Sunulan testte yukarıda belirtilen «standart» önbelleğe alma yaklaşımının ana dezavantajı, günlük yaşamda tipik olandan daha yüksek bir yoğunlukta çalışmasıdır. Ancak bu gereklidir, çünkü aksi takdirde test süreci bir saat değil en az bir gün sürecektir. Ancak bu durum bütçe modelleri üzerinde önemli bir etkiye sahip olup performanslarını olası seviyenin altına düşürmektedir. Bununla birlikte, yalnızca potansiyel zirveler hakkında değil, aynı zamanda cihazın gerçek yetenekleri hakkında da bilgi sağlayarak performansın gerçekçi bir görünümünü de verir. Bu performans düşüşünün boş bir SSD'yi test ederken bile görülebileceğini unutmamak önemlidir; burada SLC önbellek rezervi, işlem sırasında önbelleği temizlemeye gerek kalmadan testi çalıştırmak için yeterli alan sağlar. Sonuçlar ayrıca, yalnızca SLC önbelleğe almaya dayanan modellerin performansında iki ila üç kat düşüş olduğunu, diğer teknolojilere sahip cihazlarda ise daha az önemli bir düşüş olduğunu gösteriyor. İlginç bir nokta, aynı sınıftaki performansın iki ila üç yıl içinde iki katına çıktığı evrimdir.

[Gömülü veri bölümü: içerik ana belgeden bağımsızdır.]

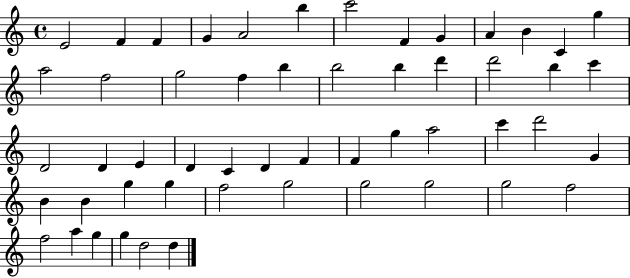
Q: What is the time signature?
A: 4/4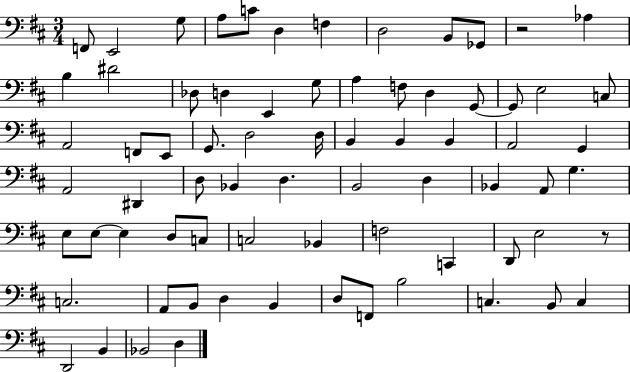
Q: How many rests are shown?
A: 2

Örneğin, birçok kişinin iki terabaytlık model için uygun fiyatı nedeniyle tercih ettiği Kingston NV1, sınıfının en hızlısı olmasa da, gözle görülür şekilde daha hızlı hale geldiği için yeni platformlarda daha çekici hale geliyor. Bu durum, özellikle iyi kompaktlığa sahip bütçe seçenekleri arayanlar için onu daha çekici kılıyor.

Toplam

Sonuçlar iki bölüme ayrılabilir, çünkü bu testte yalnızca belirli bir cihazın performansını değerlendirmekle kalmadık, aynı zamanda ilk kez Micron N48R 176 katmanlı QLC belleği kullanan Phison E21T platformunu da tanıdık. Bu platform, Crucial P3 ve P3 Plus modelleri de dahil olmak üzere çeşitli form faktörlerinde yaygın olarak mevcuttur ve günümüz ölçeğinde giriş seviyesindedir. Bu gibi durumlarda yüksek verimlilikten bahsetmeye gerek olmadığı açıktır. Ancak bir karşılaştırma yapmak önemli ve bu bağlamda yapısal olarak benzer SATA sürücülerinin birçok kez daha yavaş olduğu ortaya çıkıyor. Bu platformun sınırlı yeteneklerine rağmen bu segmentteki üretkenlik iki ila üç yıl içinde ikiye katlandı.

Bu sınıftaki SSD'ler, en zorlu kullanıcıyı tatmin edebilecek güçlü evrensel sürücüler gibi görünmüyor. Ancak uygun fiyat ve gözle görülür faydalar yoluyla istikrar sağlayarak nişlerini buluyorlar. Böyle bir temelde, birçok benzer modelin piyasada ortaya çıkması sayesinde mümkün olan kompakt ve kapasitif sürücüler oluşturmanın mümkün olduğunu belirtmek önemlidir. M.2 2230, özellikle bu tür sürücülerin dezavantajlarının daha az fark edildiği ve özellikle fiyat segmentindeki avantajlarının daha fazla fark edildiği oyun konsollarında benzersiz bir niş sağlar. Taşınabilir cihazların sınırlı boyutu ve ihtiyaçları göz önüne alındığında bu tür SSD'ler kendilerine yer buluyor.